PORTLAND: Spanish energy giant Repsol filed an application this week with Canadian regulators to begin exporting liquefied natural gas from its under-utilized Canaport import facility in Saint John, New Brunswick.
The company plans to import as much as 271 billion cubic feet of natural gas per year by pipeline from the United States and western Canada, then convert it to nearly 5 million metric tons of LNG at a new on-site liquefaction facility, according to the application with the National Energy Board of Canada dated Tuesday, Feb. 10.
The filings did not cite a cost estimate for the project, but sources have told Reuters it could hit $4 billion.
The project is one of four LNG export terminals proposed in eastern Canada, aiming to ship abundant North American natural gas to energy-hungry markets overseas. Many more are being proposed on Canada's west coast.
The existing Canaport marine terminal, jointly owned with Canada's Irving Oil, is well-positioned to meet Europe's demands for cheap and dependable gas in the face of the Ukraine crisis, according to analysts.

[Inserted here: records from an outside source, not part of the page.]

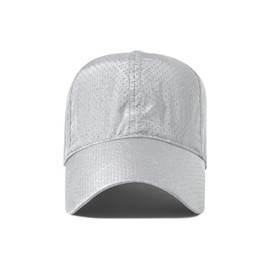 YAMEE Baseball Cap Women's Summer Quick-Drying Baseball Cap Women's Mesh Breathable Sun Hat Women's Sun Protection Peaked Cap Women's Lightweight Soft Baseball Cap Unisex for Outdoor Sports, Two Sizes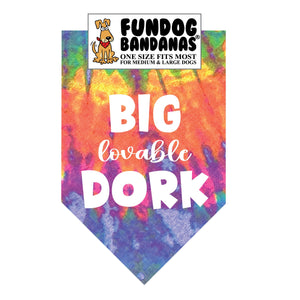Wholesale 10 Pack - BIG lovable DORK Bandana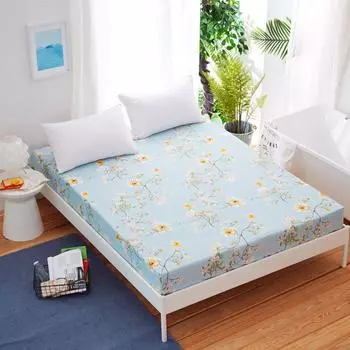 Floral Fitted Printed Sheet Twin Full Queen King Bed Sheet Cover Sizes 3 A,Single120*200CM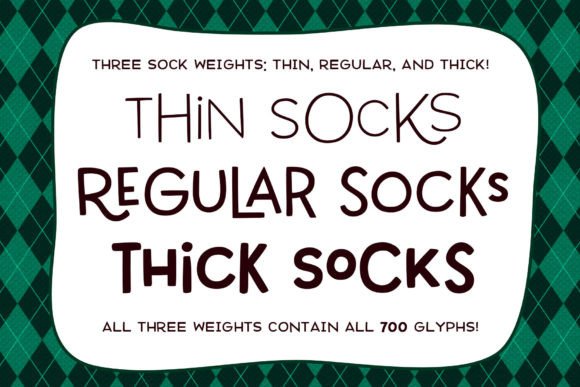Argyle Socks Font - Preview 2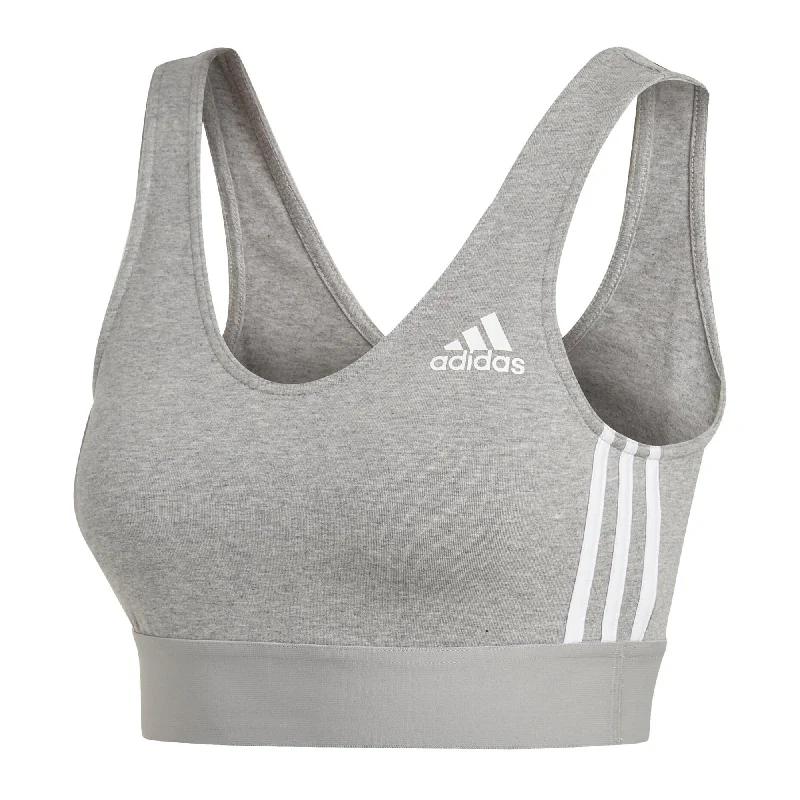 adidas Women's Must Have 3-Stripes Sports Bra Grey Feminine Lace Bra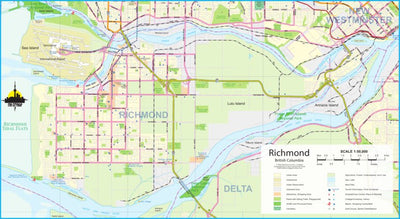 Richmond, British Columbia 1:50,000 - ITMB Preview 1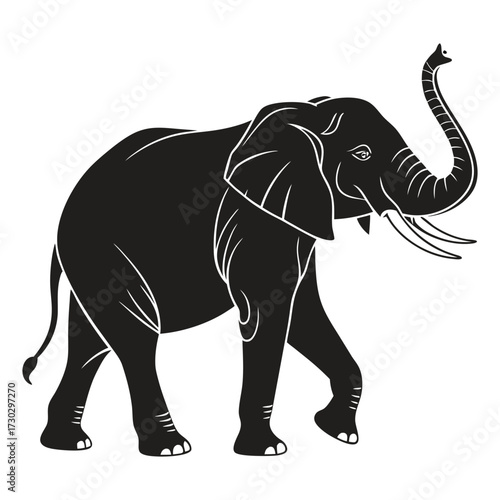 Elephant vector illustration isolated on white background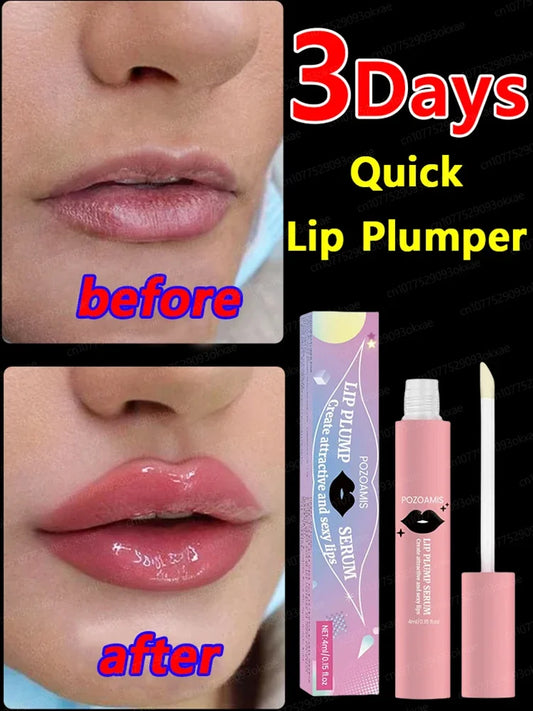 Lip plumping balm, quickly achieve extremely plump lips Instant Volumising Lip Plumper Oil Collagen Lip Gloss Moisturizer Repair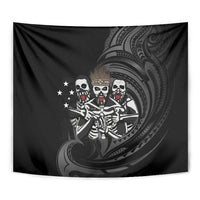 Skeleton Tribe Simbu Province Tapestry Papua New Guinea Indigenous Pattern LT9 - Polynesian Pride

But it would likely depend on big, and potentially controversial, pipeline investments through New England.
Canaport was built in 2009 to turn LNG received from overseas by tanker back into its gaseous form, then send the gas by pipeline into Canadian and US markets, but the shale boom in the United States has since left the plant severely underutilized.
Between 2008 and 2013, natural gas imports from eastern Canada to the northeast United States fell by 82 percent, according to data from the US Energy Information Administration.
On Canada's west coast, Vancouver-based NewTimes Energy Ltd. filed an application on Wednesday to the National Energy Board seeking a 25-year licence to export, making it the 19th export terminal proposed for British Columbia.